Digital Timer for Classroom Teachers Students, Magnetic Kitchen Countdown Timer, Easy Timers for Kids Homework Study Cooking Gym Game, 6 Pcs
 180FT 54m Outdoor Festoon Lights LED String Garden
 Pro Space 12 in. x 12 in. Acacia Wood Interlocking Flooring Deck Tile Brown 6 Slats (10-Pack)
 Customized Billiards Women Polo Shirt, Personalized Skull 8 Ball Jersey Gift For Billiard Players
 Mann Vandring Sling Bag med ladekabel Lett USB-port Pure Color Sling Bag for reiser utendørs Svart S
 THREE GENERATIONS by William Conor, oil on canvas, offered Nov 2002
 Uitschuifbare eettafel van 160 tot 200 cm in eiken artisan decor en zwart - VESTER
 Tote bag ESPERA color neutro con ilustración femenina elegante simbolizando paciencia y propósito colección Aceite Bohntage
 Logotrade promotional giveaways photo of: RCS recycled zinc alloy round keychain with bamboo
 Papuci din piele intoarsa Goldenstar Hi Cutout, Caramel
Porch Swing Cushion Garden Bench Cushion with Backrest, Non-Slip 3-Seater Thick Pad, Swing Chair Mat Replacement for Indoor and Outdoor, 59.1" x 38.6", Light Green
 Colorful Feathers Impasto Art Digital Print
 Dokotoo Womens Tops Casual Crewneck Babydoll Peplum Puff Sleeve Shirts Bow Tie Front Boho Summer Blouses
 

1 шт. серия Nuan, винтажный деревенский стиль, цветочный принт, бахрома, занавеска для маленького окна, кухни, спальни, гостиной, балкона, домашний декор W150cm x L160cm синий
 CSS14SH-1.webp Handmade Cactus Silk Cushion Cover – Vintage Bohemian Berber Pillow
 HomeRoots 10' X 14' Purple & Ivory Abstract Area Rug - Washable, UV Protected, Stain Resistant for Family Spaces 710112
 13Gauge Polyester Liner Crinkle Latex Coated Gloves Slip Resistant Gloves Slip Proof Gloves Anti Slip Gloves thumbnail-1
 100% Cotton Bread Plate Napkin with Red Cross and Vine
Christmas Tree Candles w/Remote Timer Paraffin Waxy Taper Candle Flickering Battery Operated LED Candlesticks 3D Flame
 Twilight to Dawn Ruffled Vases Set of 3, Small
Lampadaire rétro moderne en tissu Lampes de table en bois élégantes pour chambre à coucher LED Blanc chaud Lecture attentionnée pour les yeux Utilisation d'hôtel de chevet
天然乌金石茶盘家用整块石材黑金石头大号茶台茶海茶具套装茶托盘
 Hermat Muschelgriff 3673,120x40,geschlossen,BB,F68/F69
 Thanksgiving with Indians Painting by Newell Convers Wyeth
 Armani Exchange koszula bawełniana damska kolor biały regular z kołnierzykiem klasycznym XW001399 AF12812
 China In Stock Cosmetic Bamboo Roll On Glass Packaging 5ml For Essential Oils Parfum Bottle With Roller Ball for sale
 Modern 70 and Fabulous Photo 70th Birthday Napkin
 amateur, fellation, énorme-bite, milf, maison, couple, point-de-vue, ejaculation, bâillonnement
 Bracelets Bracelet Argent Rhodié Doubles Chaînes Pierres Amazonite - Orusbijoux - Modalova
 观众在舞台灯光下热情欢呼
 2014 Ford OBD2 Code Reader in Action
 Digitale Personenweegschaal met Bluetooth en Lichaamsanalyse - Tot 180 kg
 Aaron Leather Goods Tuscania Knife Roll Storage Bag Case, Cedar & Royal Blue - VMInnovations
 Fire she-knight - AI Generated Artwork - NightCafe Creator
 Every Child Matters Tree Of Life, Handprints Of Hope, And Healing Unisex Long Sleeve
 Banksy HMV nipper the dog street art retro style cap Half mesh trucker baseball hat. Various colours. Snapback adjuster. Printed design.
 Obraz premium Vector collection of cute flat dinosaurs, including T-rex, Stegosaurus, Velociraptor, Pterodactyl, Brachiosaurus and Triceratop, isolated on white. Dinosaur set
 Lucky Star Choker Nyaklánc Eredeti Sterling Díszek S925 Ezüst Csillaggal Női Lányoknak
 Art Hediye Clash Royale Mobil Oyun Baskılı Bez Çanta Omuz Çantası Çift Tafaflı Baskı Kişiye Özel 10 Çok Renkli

EXERCISE REQUIREMENTS — Whenever a line of the material holds the word "Sleeve", copy it out.

TASK SOLUTION —
 Dokotoo Womens Tops Casual Crewneck Babydoll Peplum Puff Sleeve Shirts Bow Tie Front Boho Summer Blouses
 Every Child Matters Tree Of Life, Handprints Of Hope, And Healing Unisex Long Sleeve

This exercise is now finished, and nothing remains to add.